1) Quick Instructions for the Impatient 
2) Bioperl on Windows
3) Perl on Windows
4) BioPerl on Windows
5) Beyond the Core
6) BioPerl and Cygwin
7) Cygwin Tips
8) Example Script

This installation guide was written by Barry Moore and other Bioperl authors based on the 
original work of Paul Boutros. Please report problems and/or fixes to the bioperl mailing 
list, bioperl-l at bioperl.org

1) Quick instructions for the impatient, lucky, or experienced user.
=====================================================================

Download the ActivePerl MSI from http://www.activestate.com/Products/ActivePerl/
Run the ActivePerl Installer (accepting all defaults is fine).
Open a command prompt (Menus Start->Run and type cmd) and run the ppm shell (C:\>ppm).
Add two new ppm repositories with the following commands:
	ppm> rep add Bioperl http://bioperl.org/DIST
	ppm> rep add Kobes http://theoryx5.uwinnipeg.ca/ppms
Install Bioperl-1.4.
Go to http://www.bioperl.org and start reading documentation or try the example script at 
the end of this file.


2) Bioperl on Windows
======================

Bioperl is a large collection of Perl modules (extensions to the Perl language) that aid 
in the task of writing Perl code to deal with sequence data in a myriad of ways.  Bioperl 
provides objects for various types of sequence data and their associated features and 
annotations.  It provides interfaces for analysis of these sequences with a wide variety 
of external programs (BLAST, fasta, clustalw and EMBOSS to name just a few).  It provides 
interfaces to various types of databases both remote (GenBank, EMBL etc) and local 
(MySQL, flat files, GFF etc.) for storage and retrieval of sequences.  And finally with 
it’s associated documentation and mailing list Bioperl represents a community of 
bioinformatics professionals working in Perl who are committed to supporting both 
development of Bioperl and the new users who are drawn to the project.

While most bioinformatics and computational biology applications are developed in 
Unix/Linux environments, more and more programs are being ported to other operating 
systems like Windows, and many users (often biologists with little background in 
programming) are looking for ways to automate bioinformatics analyses in the Windows 
environment.  Perl and Bioperl can be installed natively on Windows NT/2000/XP.  Most of 
the functionality of Bioperl is available with this type of install.  Much of the heavy 
lifting in bioinformatics is done by programs originally developed in lower level 
languages like C and Pascal (e.g.
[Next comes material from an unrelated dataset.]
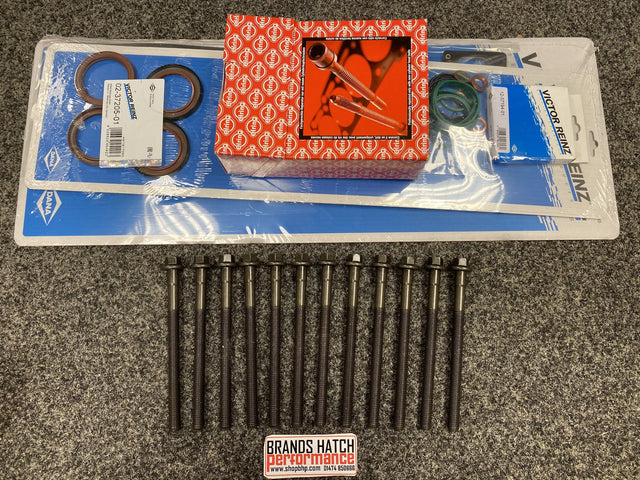 Ford Focus 2.5 T ST225 RS RS500 5 Cylinder Reinz Head Gasket + Elring Head Bolts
BLAST, clustalw, Staden etc).  Bioperl simply acts as a 
wrapper for running and parsing output from these external programs.  Some of those 
programs (BLAST for example) are ported to Windows.  These can be installed and work 
quite happily with BioPerl in the native Windows environment.  Others, such as clustalw, 
have Windows ports, however the BioPerl developer who wrote the interface used Unix 
specific system calls to interact with these programs and so these wrappers will not work 
in the Windows environment.  And finally some external programs such as Staden and the 
EMBOSS suite of programs can not be installed on Windows at all, and therefore any part 
of Bioperl that interacts with these packages either won’t work or can’t be installed at 
all.

If you have a fairly simple project in mind, want to start using Bioperl quickly, only 
have access to a computer running Windows, and/or don’t mind bumping up against some 
limitations then Bioperl on Windows may be a good place for you to start.  For example, 
downloading a bunch of sequences from GenBank and sorting out the ones that have a 
particular annotation or feature works great.  Running a bunch of your sequences against 
remote or local BLAST, parsing the output and storing it in a MySQL database would be 
fine also.  Be aware that most if not all of the Bioperl developers are working in some 
type of a Unix environment (Linux, OSX, Cygwin).  If you have problems with Bioperl that 
are specific to the Windows environment, you may be blazing new ground and your pleas for 
help on the Bioperl mailing list may get few responses – simply because no one knows the 
answer to your Windows specific problem.  If this is or becomes a problem for you then 
you are better off working in some type of Unix like environment.  One solution to this 
problem that will keep you working on a Windows machine it to install Cygwin, a Unix 
emulation environment for Windows.  A number of Bioperl users are using this approach 
successfully and it is discussed more below.

3) Perl on Windows
===================

There are a couple of ways of installing Perl on a Windows machine.  The most common and 
easiest is to get the most recent build from ActiveState.  ActiveState is a software 
company (http://www.activestate.com) that  provides free builds of Perl for Windows 
users.  The current  (December 2004) build is ActivePerl 5.8.4.810 (ActivePerl 5.6.1.638   
is also available and should work just fine).  To install ActivePerl on Windows:
	Download the ActivePerl MSI from http://www.activestate.com/Products/ActivePerl/
	Run the ActivePerl Installer (accepting all defaults is fine).  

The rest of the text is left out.